> Task instructions:
Begin at the line where "Hand-painted High Quality" appears and reproduce exactly every line through the end of the data below, both included, skipping pictures.

> Records for the exercise:
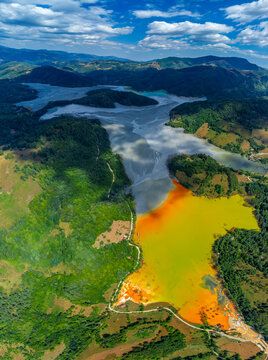 Aerial view of the tailings pond of the Valea Sesii Geamana copper mine - Romania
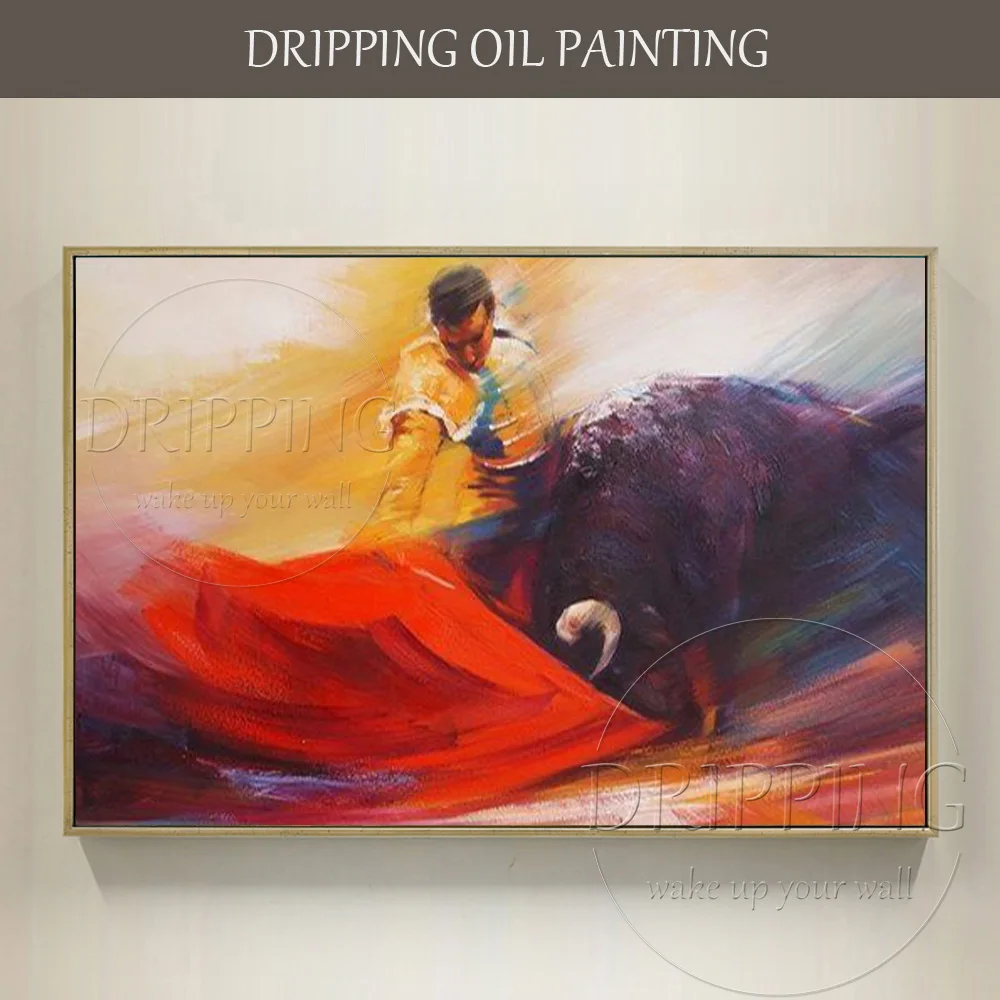 Hand-painted High Quality Modern Wall Art Spanish Matador Oil Painting Bullfight Picture Handmade Matador Bullfight Oil Painting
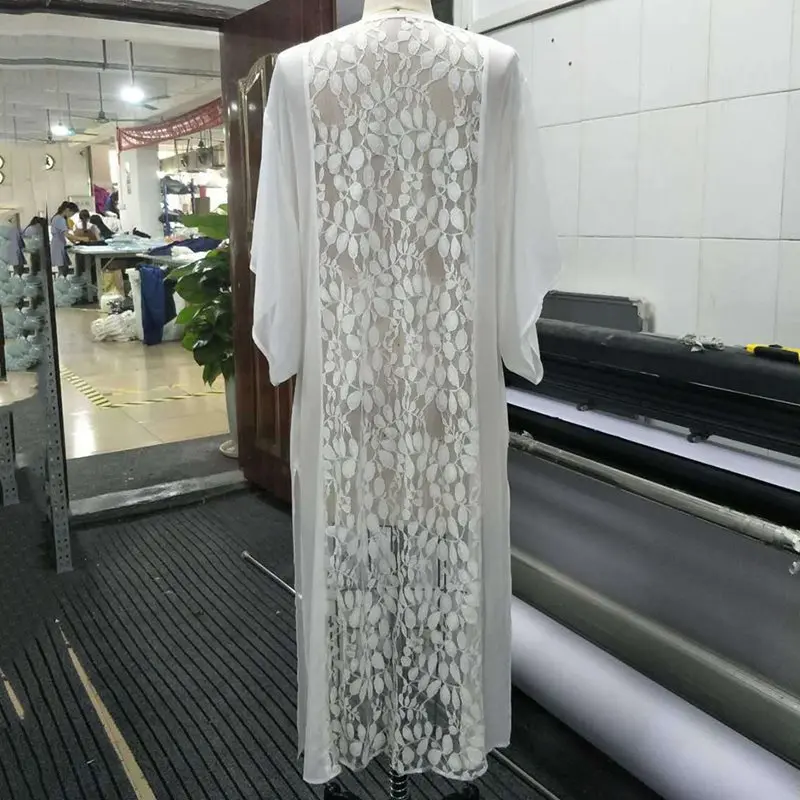 Летнее шифоновое кружевное пляжное платье для женщин большие размеры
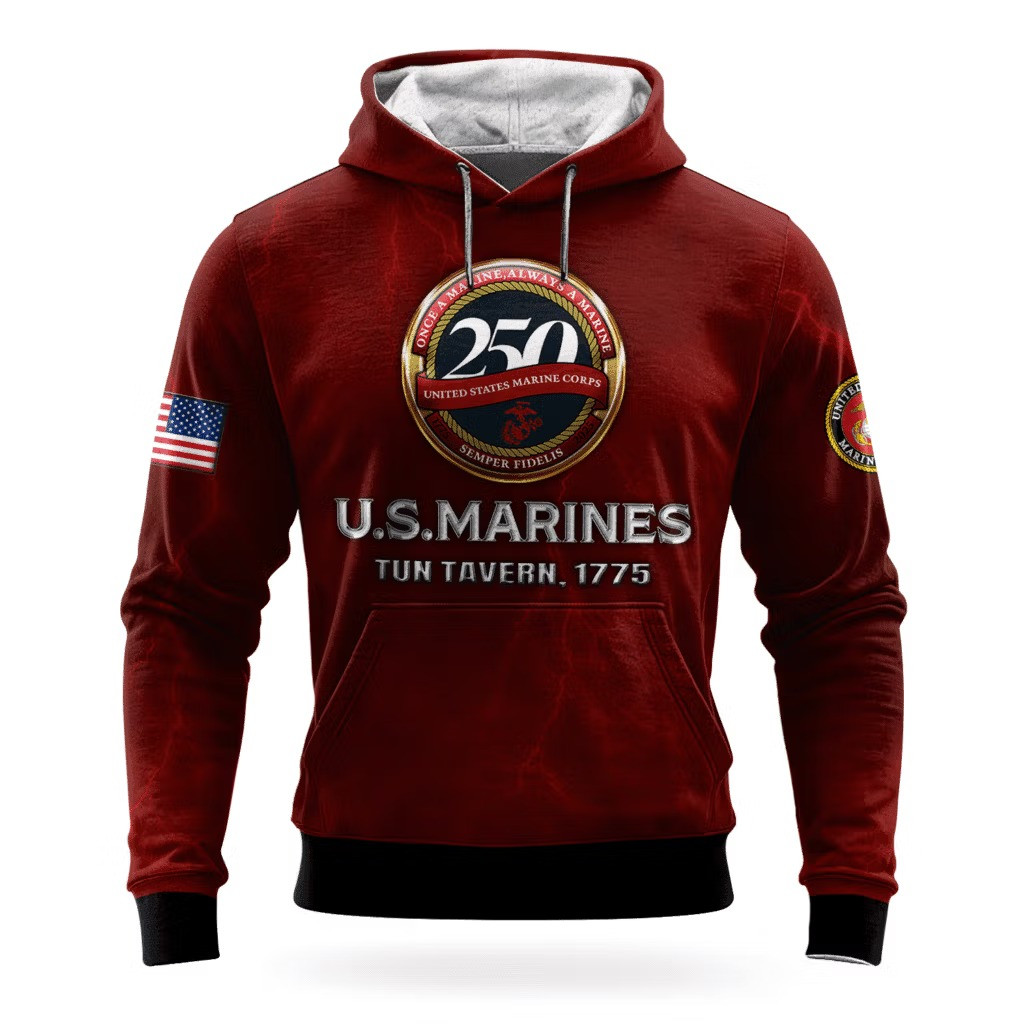 USMC 250Th Anniversary Hoodie 1775 2025 Marine Corps Veteran Apparel USMC Merch Unique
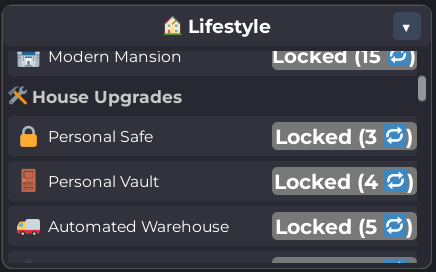 House Upgrades in CashWars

> Answer to this problem:
 Hand-painted High Quality Modern Wall Art Spanish Matador Oil Painting Bullfight Picture Handmade Matador Bullfight Oil Painting
 Летнее шифоновое кружевное пляжное платье для женщин большие размеры
 USMC 250Th Anniversary Hoodie 1775 2025 Marine Corps Veteran Apparel USMC Merch Unique
 House Upgrades in CashWars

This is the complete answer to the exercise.